Source data =>
+-------+
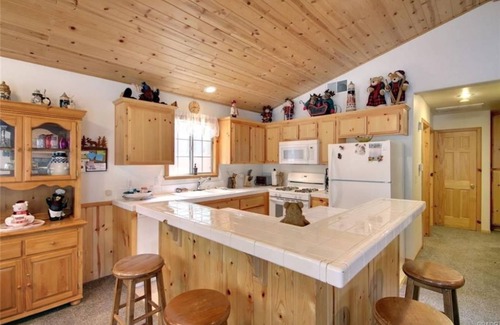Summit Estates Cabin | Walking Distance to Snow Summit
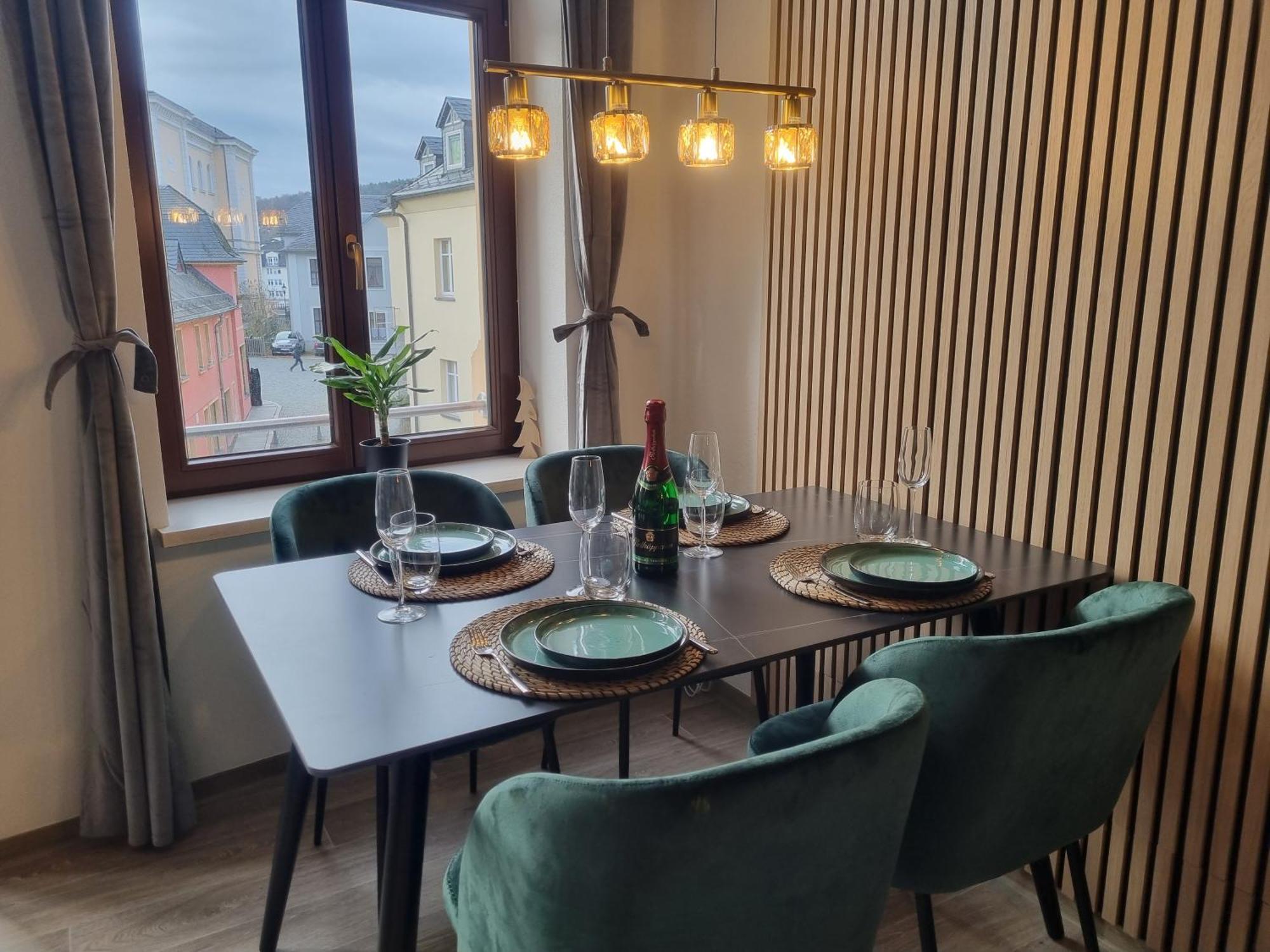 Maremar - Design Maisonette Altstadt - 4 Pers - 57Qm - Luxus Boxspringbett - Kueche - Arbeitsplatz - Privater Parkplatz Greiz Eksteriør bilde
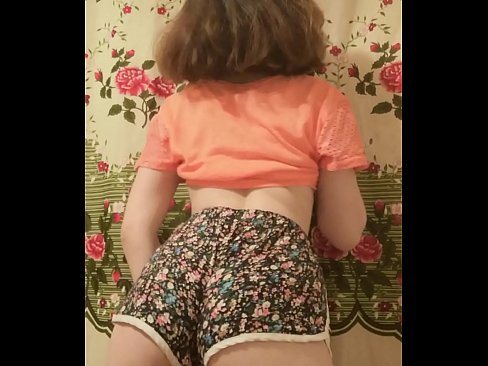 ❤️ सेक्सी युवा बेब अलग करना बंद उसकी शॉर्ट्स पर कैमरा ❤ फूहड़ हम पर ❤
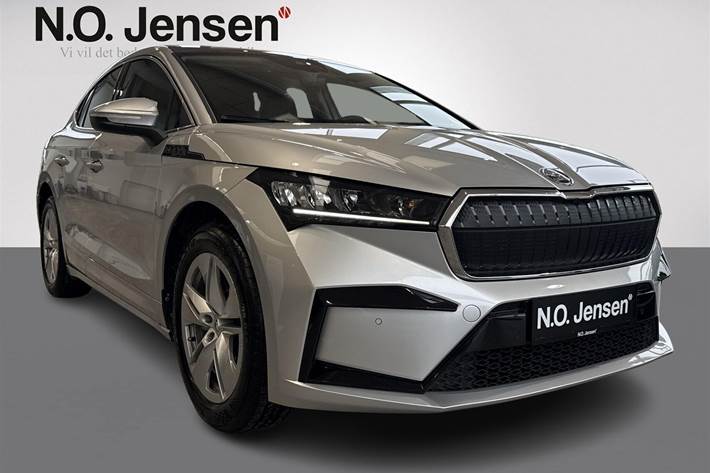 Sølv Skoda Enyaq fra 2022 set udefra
+-------+
Problem =>
Write the listing above out again word for word, excluding all images.

Answer for the task =>
Summit Estates Cabin | Walking Distance to Snow Summit
 Maremar - Design Maisonette Altstadt - 4 Pers - 57Qm - Luxus Boxspringbett - Kueche - Arbeitsplatz - Privater Parkplatz Greiz Eksteriør bilde
 ❤️ सेक्सी युवा बेब अलग करना बंद उसकी शॉर्ट्स पर कैमरा ❤ फूहड़ हम पर ❤
 Sølv Skoda Enyaq fra 2022 set udefra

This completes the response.